Auch Willy Seitz stößt bei einem Spaziergang über Türkheims Felder auf entflohene Jüdinnen aus dem nahen Türkheimer KZ. Beide Frauen und die Tochter einer von beiden betteln um Hilfe. Seitz rät ihnen, sich im Wäldchen am Haldenberg zu verstecken, bis es Nacht wird. Dann werde er sie holen und bei sich und seiner Frau Maria aufnehmen. So sollte es auch kommen, das Paar kümmert sich um die drei Polinnen, Maria kocht und sorgt für sie.

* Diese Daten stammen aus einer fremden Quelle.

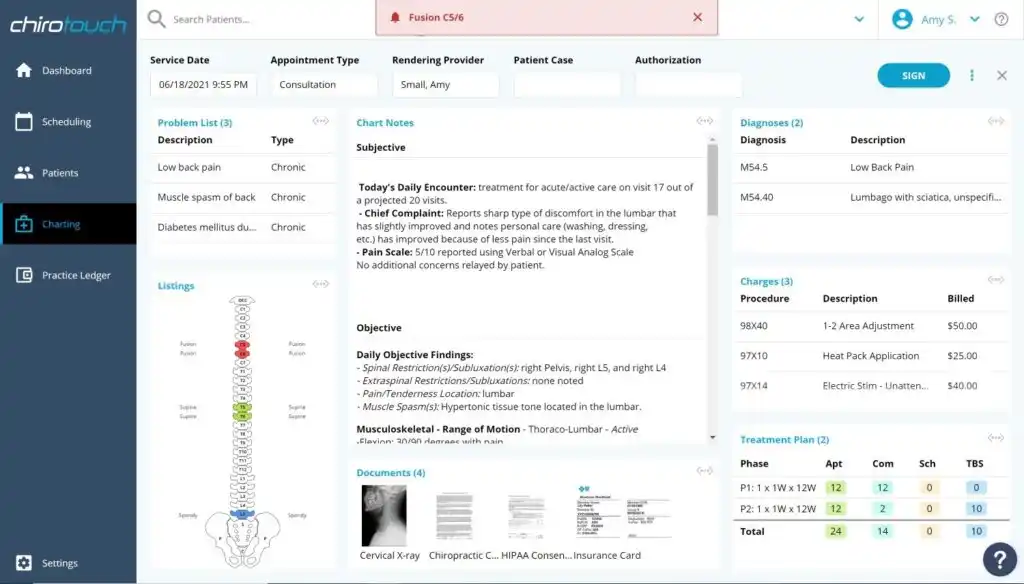 ChiroTouch EMR Software—Chiropractic EMR Software demo screenshot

Gefährlich war dieses Unterfangen allemal. Einmal hätte man die heimlich versteckten Frauen fast bemerkt, denn eine von ihnen hustete viel. Auf Argwohn der Nachbarn habe Seitz geantwortet, es sei ein grunzendes Schwein zu hören gewesen. Die Erleichterung tritt ein, als schließlich die Amerikaner in Türkheim einmarschieren. Das Versteckspiel hatte ein Ende.
Aus Dankbarkeit halten die jüdischen Frauen lange danach noch Kontakt mit dem Ehepaar Seitz; sie sollten es auch gewesen sein, die Willy Seitz für eine Auszeichung durch das Yad Vashem vorgeschlagen haben.